And the distorted Rock guitar riff?
"That's the Gretsch through the Rockman then into the desk."
Is there a Hammond in there somewhere.
"Yeah, it's a real old Hammond — one that's held together with bits of matches and gaff a tape."
2) There Must Be An Angel
What's the sequencer pattern played on?
"It's Annie holding down chords and using the Drawmer gates. It's not actually a sequencer — she's just playing the chords and the gate's making it play in time."
It sounds like a female opera singer throughout, but at one point she starts singing really deep.
"That's because it's a man who's singing really high, and then he goes through three octaves. Because he sang on that record he's now packed in Opera and started a career a bit like Klaus Nomi and changed his name to Angel Cross because of the name of the track."
It sounds like there's a real harp playing.
"No, it's the harp setting on the Yamaha DX7 and it's just all the black notes. But because it's so fast he (Michael Kaman) just used to keep playing the section and putting the repeat echo in exact time as he played it. We cheated."
3) Love You Like A Ball And Chain
What drum machine's playing the pattern?
"It's a DMX, but everything on it is gated reverb."
What about the bass sequence?
"That's actually Dean playing the bass mixed with an SH09 triggered by a CSQ1000."
What about the stamping/scraping sound?
"That's my mother and about four Frenchmen on the roof of the building in the gravel stomping. They kept going out of time and I kept saying I'll drop you in, try it again. Of course my mum will never complain and eventually half an hour later I went out there and she was fluorescent red, panting. It was like running on the spot for half an hour."
4) Sisters Are Doing It (For Themselves)
How do you mike up a gospel choir?
"Basically you just have a couple of mikes in the centre of them and just move the people around, rather than move the mikes round."
What about the shaker sound?
"That was the receptionists pencil box, all that plastic Habitat-type affair. I wanted a shaker but as soon as I used a normal one it all sounded like the DMX shaker. So I got that and gaffa-taped it all up and got Adam the engineer to play it while I Eq'd it."
And the stange solo guitar sound?
"That's a Fender Strat through a wah-wah, then an octaver and through a distortion pedal."
5) Conditioned Soul
The bells and Indian pipe sounds at the beginning?
"That's just me on the Emulator. It was the new Emulator factory sample of wind chimes and Indian flute."
The bass drum sound is very clicky — almost drum machine like.
"It isn't — it's Olle playing drums. The snare's funny too — the whole drum track's funny. We probably just Ed'd it toppier than the other bass drums. Actually we used about six different bass drums on the album. Sometimes a Simmons, sometimes drum machine, and sometimes his real kit set up in this big stone kitchen."
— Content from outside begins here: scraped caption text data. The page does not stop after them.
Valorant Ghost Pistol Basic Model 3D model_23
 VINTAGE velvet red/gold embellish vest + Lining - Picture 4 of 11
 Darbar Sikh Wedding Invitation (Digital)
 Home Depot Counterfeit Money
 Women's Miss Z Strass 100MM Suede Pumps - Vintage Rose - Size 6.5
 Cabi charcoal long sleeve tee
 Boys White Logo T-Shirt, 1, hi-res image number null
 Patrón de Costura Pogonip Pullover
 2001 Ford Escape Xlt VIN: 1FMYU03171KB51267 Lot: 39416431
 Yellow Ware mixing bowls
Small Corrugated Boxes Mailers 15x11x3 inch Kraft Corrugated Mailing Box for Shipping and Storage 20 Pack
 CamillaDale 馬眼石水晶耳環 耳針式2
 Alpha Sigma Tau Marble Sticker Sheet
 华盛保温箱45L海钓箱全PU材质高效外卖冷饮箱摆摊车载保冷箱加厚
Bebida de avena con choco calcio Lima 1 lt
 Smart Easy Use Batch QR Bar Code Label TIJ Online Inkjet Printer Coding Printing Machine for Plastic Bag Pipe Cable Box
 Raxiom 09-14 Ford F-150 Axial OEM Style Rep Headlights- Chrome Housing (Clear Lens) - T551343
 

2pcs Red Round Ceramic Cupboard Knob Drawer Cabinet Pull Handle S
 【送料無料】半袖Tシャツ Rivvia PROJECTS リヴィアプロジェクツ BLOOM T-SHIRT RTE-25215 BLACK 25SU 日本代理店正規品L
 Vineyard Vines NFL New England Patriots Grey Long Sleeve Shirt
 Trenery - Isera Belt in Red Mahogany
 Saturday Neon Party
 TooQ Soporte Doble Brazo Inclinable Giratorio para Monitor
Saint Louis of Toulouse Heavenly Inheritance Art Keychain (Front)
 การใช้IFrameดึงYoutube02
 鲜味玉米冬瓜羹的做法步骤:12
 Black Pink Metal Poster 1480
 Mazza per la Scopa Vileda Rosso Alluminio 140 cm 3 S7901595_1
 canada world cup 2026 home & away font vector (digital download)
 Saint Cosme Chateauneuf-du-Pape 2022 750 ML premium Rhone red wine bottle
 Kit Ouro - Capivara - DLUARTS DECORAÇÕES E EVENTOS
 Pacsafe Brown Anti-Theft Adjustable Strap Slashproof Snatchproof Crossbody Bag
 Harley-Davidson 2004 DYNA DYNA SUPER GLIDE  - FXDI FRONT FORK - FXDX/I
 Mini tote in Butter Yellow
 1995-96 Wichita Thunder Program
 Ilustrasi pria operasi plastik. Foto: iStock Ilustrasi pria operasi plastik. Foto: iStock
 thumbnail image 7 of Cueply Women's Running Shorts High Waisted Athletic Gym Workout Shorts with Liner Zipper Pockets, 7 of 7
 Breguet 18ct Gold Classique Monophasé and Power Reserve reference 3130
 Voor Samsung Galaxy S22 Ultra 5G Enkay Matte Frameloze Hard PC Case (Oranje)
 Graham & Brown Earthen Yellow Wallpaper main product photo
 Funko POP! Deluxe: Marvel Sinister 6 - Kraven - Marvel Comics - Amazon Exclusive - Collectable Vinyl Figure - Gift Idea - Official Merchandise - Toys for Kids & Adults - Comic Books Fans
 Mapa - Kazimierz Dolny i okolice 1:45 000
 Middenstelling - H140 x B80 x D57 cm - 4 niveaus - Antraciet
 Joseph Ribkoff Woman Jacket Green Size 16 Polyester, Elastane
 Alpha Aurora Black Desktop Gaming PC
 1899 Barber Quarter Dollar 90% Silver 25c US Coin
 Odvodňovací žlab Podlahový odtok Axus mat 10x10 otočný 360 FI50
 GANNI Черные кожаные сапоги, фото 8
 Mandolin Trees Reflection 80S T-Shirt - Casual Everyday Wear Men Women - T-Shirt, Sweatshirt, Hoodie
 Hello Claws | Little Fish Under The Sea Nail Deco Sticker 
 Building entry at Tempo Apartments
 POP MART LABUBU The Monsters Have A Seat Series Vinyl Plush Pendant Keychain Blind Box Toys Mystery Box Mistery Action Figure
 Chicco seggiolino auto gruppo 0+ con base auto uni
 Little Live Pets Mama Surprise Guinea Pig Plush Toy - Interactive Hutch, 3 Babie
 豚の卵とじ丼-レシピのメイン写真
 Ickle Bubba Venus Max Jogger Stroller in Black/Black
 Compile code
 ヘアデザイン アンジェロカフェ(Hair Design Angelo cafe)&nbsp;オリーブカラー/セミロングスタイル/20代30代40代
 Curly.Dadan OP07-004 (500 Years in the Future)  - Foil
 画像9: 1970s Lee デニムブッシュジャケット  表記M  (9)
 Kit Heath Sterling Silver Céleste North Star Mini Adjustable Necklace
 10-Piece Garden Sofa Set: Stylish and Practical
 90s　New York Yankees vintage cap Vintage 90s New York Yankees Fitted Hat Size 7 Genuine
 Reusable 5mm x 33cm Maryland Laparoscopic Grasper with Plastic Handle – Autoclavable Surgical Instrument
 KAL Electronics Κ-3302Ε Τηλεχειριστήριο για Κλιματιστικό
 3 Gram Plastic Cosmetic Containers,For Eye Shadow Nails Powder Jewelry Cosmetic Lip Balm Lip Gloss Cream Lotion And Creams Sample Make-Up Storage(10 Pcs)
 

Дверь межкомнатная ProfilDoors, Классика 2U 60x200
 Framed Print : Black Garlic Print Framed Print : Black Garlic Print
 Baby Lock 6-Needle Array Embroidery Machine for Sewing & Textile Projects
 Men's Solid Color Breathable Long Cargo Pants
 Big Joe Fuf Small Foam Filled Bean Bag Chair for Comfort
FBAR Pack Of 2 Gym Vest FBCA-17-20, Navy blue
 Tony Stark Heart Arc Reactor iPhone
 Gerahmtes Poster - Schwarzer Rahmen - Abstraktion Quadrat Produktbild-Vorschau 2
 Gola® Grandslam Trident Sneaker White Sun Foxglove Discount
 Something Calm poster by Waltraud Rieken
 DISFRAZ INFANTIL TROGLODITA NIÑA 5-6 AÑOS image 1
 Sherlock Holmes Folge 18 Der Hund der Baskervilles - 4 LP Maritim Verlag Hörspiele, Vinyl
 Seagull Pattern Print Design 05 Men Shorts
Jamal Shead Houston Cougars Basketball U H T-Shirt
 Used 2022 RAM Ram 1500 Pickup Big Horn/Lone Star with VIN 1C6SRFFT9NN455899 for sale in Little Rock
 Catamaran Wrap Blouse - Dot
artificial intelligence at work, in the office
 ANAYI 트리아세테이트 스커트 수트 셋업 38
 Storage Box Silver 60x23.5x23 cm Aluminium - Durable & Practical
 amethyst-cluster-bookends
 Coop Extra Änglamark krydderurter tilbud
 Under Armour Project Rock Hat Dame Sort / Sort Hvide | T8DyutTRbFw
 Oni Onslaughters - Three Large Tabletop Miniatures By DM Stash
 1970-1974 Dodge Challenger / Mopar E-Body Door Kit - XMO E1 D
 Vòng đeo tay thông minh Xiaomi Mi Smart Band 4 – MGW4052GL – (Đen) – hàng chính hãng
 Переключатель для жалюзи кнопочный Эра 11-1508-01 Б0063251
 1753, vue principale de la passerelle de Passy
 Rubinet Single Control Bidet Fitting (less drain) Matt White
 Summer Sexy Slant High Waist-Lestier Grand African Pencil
Yet more strange scraping sounds...
"It's the shaker of the DMX sent to a repeat echo, then you turn the repeat echo into feedback so it gets louder."
6) Adrian
Lots of good guitar sounds on this one.
"At the beginning it's the Gretsch through the Rockman again, though time it's not distorted. Then you get this click as you hit it because of compression. Dean's bass on that sounds fretless but it's not — it's just the way he plays it. Once the track's going it's the Robin Octave added with the Gretsch to make a 12-string sound."
What about the strings darting across the stereo?
"That was probably me leaning on the pan button by mistake. Actually I'm not sure what that was — probably an auto-panner."
7) It's Alright (Baby's Coming Back)
Lots more good guitar stuff.
"Right. There's that heavily damped souly guitar at the beginning, and some speeded up guitar for the solo."
8) Here Comes That Sinking Feeling
What's all that talking at the beginning and end?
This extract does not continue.